▶ [WHAT TO WORK ON]
Only the text belongs in the copy. Transcribe the data exactly and drop any pictures.

▶ [SUPPLIED MATERIAL]

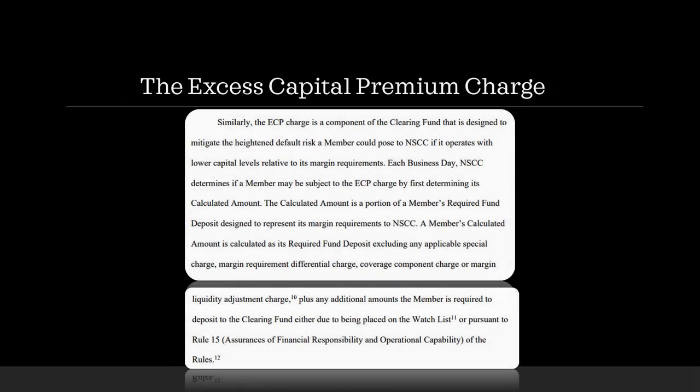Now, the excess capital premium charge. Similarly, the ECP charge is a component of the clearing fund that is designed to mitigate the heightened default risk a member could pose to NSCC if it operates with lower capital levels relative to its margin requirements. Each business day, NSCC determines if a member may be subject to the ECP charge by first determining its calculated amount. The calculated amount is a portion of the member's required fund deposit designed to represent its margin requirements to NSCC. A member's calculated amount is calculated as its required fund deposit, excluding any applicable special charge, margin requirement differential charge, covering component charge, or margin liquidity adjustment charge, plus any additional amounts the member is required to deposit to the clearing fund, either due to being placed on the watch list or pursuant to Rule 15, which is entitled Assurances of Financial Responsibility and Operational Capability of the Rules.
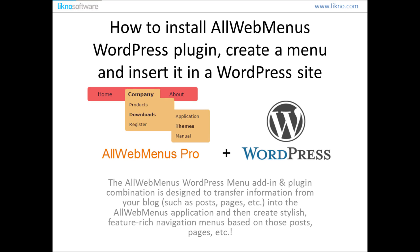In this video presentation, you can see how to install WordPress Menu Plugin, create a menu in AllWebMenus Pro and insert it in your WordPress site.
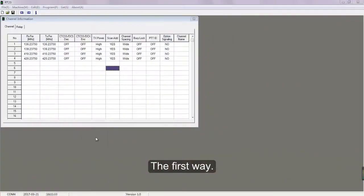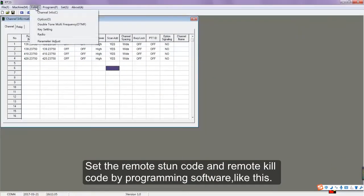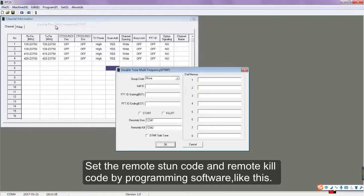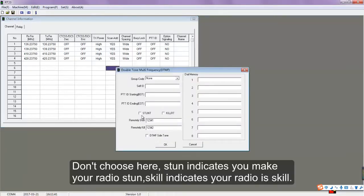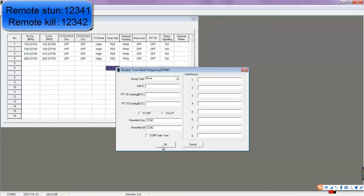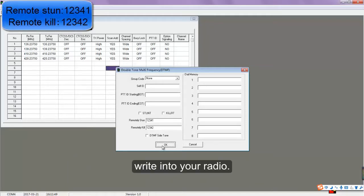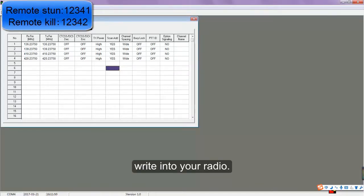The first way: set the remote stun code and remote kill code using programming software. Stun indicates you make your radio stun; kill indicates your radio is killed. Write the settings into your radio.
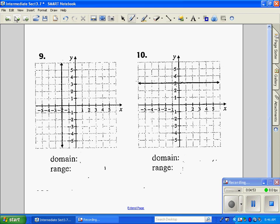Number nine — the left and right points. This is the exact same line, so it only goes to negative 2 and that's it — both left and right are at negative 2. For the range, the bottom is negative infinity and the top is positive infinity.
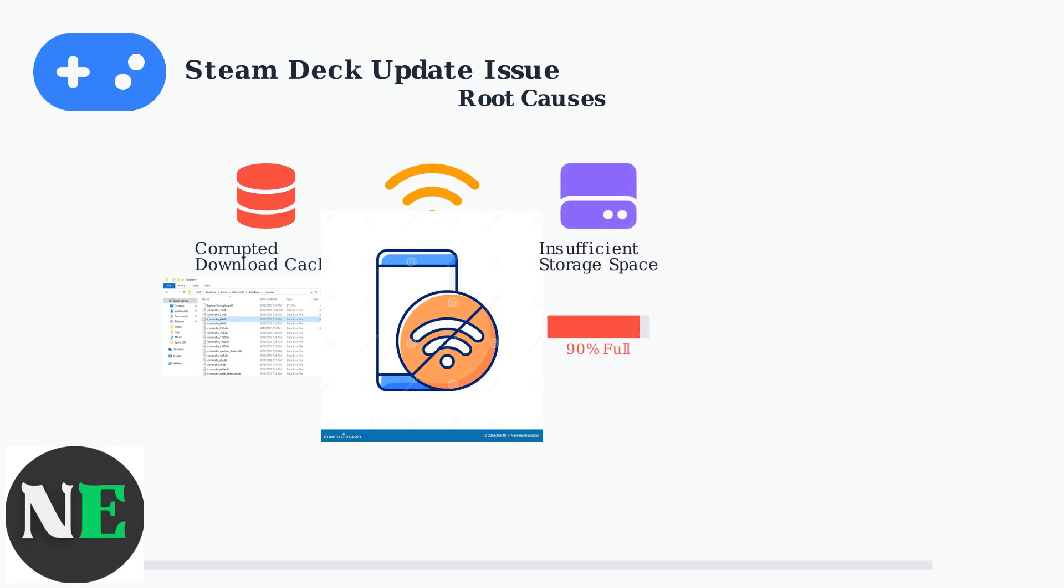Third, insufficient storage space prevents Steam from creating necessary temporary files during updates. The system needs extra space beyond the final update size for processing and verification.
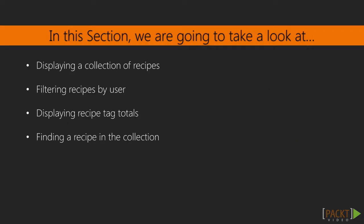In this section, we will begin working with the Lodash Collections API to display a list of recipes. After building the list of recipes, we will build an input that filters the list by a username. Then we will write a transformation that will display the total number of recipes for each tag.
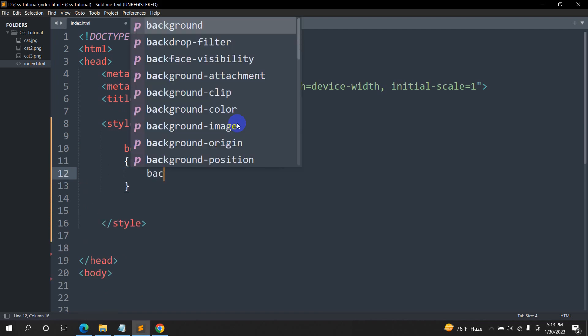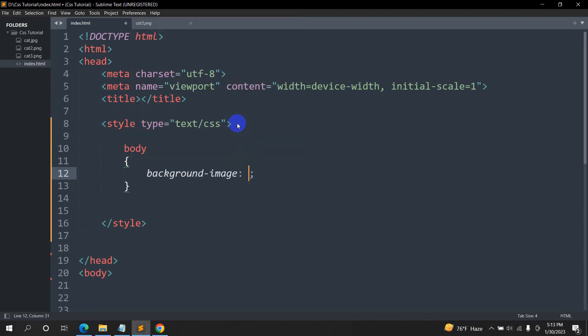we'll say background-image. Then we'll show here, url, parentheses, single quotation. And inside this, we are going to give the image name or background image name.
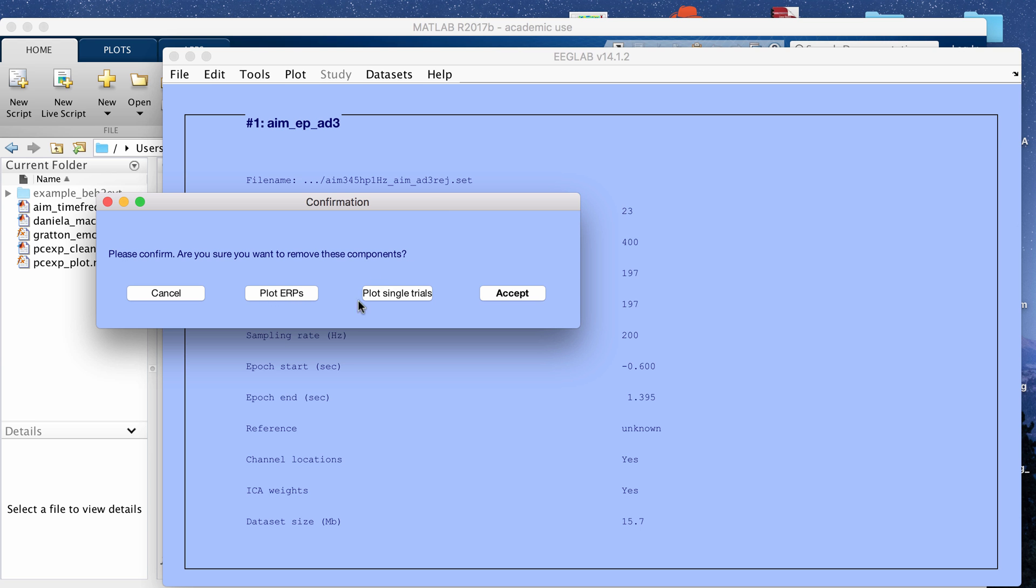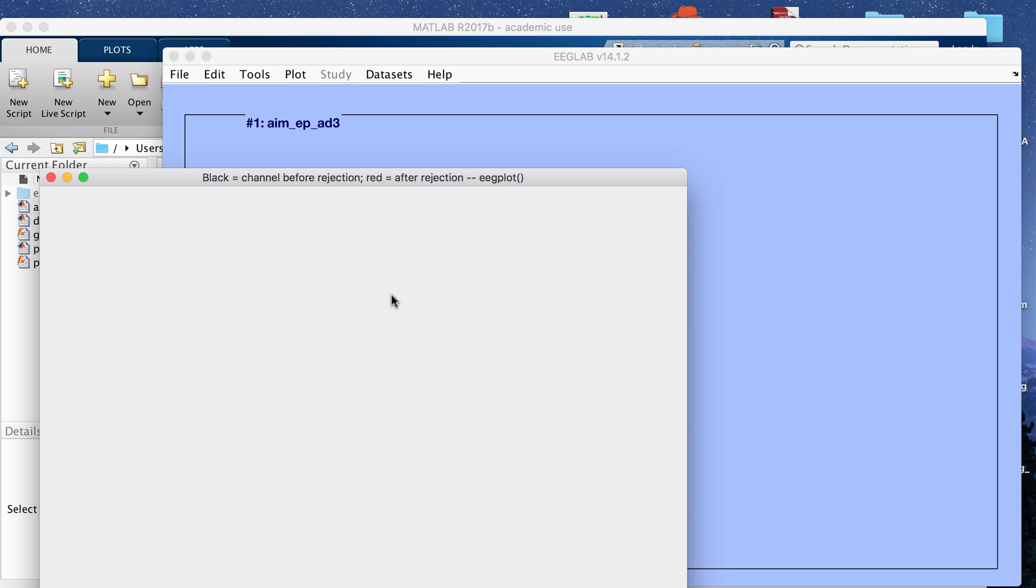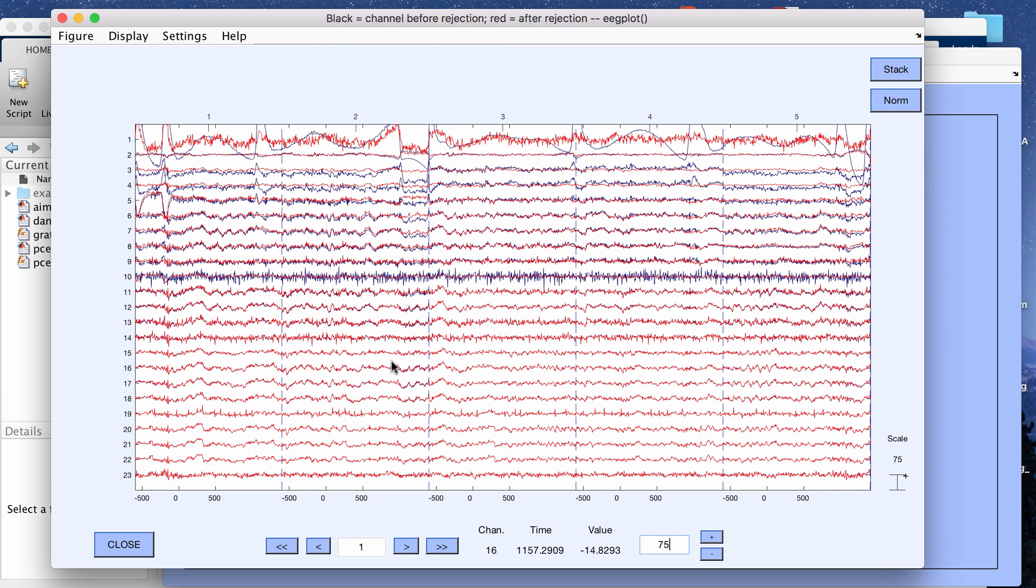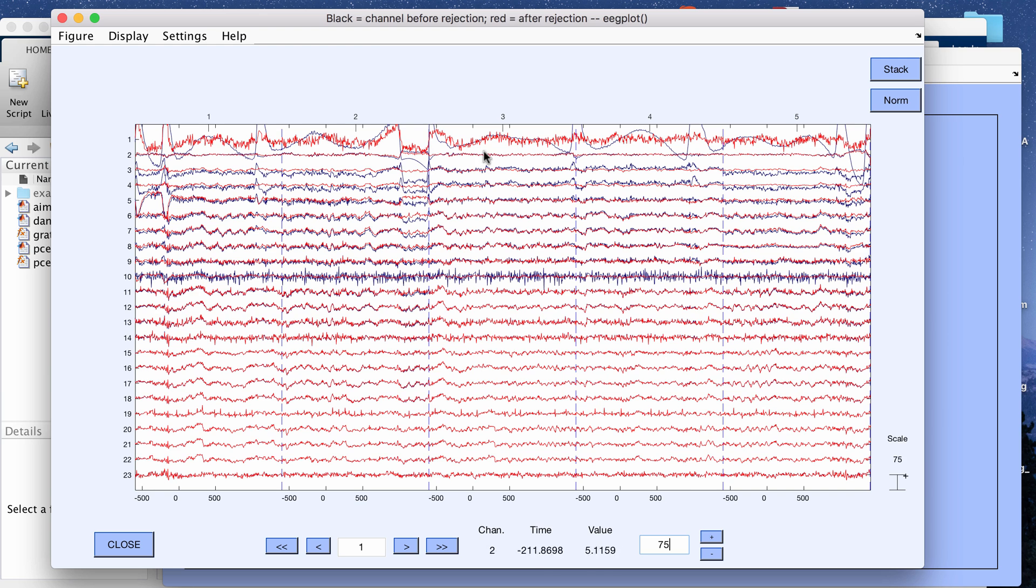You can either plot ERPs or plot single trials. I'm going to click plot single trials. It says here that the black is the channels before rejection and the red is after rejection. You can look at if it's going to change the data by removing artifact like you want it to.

▶ [ANSWER SECTION]
Now, the excess capital premium charge. Similarly, the ECP charge is a component of the clearing fund that is designed to mitigate the heightened default risk a member could pose to NSCC if it operates with lower capital levels relative to its margin requirements. Each business day, NSCC determines if a member may be subject to the ECP charge by first determining its calculated amount. The calculated amount is a portion of the member's required fund deposit designed to represent its margin requirements to NSCC. A member's calculated amount is calculated as its required fund deposit, excluding any applicable special charge, margin requirement differential charge, covering component charge, or margin liquidity adjustment charge, plus any additional amounts the member is required to deposit to the clearing fund, either due to being placed on the watch list or pursuant to Rule 15, which is entitled Assurances of Financial Responsibility and Operational Capability of the Rules.
In this video presentation, you can see how to install WordPress Menu Plugin, create a menu in AllWebMenus Pro and insert it in your WordPress site.
The first way: set the remote stun code and remote kill code using programming software. Stun indicates you make your radio stun; kill indicates your radio is killed. Write the settings into your radio.
Number nine — the left and right points. This is the exact same line, so it only goes to negative 2 and that's it — both left and right are at negative 2. For the range, the bottom is negative infinity and the top is positive infinity.
Third, insufficient storage space prevents Steam from creating necessary temporary files during updates. The system needs extra space beyond the final update size for processing and verification.
In this section, we will begin working with the Lodash Collections API to display a list of recipes. After building the list of recipes, we will build an input that filters the list by a username. Then we will write a transformation that will display the total number of recipes for each tag.
we'll say background-image. Then we'll show here, url, parentheses, single quotation. And inside this, we are going to give the image name or background image name.
You can either plot ERPs or plot single trials. I'm going to click plot single trials. It says here that the black is the channels before rejection and the red is after rejection. You can look at if it's going to change the data by removing artifact like you want it to.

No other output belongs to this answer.